蛙が雲見を好きなわけは、雲の形が美しいとのはもちろんだが、その形が蛙たちの頭の部分が似ているし、入道雲はブドウの形のようでもあり、生まれてきた蛙の卵のかたちを思わせるからであった。雲見のときに話題になったのは、人間が履いているゴム靴である。あれがあれば、栗の毬もなんでも怖くない、ぜひ欲しいという話になった。カン蛙は、知り合いの鼠に頼んで、ゴム靴をこしらえてもらった。それを履いて、2匹に見せるとうらやましがった。そこへ出てきたのが、婿探しにきた美しい蛙の娘ルラであった。ゴム靴を履いたカン蛙を一目見て、この人に決めた、と話は進む。

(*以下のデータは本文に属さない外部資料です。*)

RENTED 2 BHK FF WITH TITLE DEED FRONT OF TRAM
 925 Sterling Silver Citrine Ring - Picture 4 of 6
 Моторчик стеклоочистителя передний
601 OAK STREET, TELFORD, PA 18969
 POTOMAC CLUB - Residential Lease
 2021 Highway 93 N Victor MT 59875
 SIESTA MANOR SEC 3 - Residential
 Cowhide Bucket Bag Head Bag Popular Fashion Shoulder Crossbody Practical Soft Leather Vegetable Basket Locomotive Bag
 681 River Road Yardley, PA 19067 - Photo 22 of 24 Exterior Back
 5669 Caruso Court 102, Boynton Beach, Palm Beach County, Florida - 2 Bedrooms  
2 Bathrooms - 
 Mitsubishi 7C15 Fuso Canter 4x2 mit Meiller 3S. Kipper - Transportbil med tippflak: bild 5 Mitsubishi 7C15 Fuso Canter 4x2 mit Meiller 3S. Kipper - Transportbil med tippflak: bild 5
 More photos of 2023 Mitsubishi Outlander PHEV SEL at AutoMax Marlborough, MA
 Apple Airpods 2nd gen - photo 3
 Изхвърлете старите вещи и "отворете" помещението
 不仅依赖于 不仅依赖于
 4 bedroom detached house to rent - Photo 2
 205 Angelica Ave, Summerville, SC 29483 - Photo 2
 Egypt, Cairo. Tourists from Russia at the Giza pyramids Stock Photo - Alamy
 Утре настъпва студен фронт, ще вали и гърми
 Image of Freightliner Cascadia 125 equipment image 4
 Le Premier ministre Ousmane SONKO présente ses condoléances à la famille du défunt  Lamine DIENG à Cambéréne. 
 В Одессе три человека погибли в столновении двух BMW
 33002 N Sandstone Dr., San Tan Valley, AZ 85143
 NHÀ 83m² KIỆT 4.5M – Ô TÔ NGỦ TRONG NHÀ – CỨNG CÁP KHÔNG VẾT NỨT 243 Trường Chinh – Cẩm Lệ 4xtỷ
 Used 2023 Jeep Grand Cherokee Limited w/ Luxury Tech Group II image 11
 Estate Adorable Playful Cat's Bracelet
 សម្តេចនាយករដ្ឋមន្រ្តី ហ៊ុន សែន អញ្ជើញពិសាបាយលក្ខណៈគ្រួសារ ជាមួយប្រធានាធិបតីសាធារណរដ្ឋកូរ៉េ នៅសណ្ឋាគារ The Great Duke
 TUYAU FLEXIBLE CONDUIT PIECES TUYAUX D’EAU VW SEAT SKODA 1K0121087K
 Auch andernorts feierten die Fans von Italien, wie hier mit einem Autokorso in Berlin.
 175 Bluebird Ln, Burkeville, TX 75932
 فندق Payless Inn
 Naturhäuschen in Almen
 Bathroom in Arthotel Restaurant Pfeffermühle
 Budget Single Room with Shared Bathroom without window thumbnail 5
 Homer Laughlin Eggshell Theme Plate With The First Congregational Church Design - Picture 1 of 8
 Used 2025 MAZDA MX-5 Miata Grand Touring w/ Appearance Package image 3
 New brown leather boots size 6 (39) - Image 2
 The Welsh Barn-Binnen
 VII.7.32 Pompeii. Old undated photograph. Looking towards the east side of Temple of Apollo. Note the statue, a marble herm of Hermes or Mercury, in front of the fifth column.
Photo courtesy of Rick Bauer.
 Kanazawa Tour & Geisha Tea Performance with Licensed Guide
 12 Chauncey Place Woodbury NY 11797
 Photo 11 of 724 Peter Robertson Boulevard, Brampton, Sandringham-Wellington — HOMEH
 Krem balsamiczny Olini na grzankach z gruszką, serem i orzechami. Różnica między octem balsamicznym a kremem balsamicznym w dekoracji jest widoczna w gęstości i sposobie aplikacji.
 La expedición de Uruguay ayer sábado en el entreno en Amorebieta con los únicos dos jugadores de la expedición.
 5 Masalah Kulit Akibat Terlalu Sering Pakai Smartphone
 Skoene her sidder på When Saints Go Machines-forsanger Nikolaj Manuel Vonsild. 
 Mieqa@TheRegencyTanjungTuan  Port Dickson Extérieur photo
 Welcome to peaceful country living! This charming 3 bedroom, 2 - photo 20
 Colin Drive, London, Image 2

カン蛙のあまりの幸運にやきもちを焼いた、ブンとベン。カン蛙にいたずらをして、自分たちの気を晴らしたい。その話の顛末は、童話を読んでいただくとして、賢治の童話の世界が、懐かしい昭和の自然であることに注目したい。雲見というのは、蛙の世界にあるのではなく、畑の作業をしながら空を仰いだ賢治の体験であろう。山を歩きながら空を仰ぐ機会は多いが、雲は様々な姿を見せる。気温の異常な上昇は、空にも時代を映す多くの変化を見せることだろう。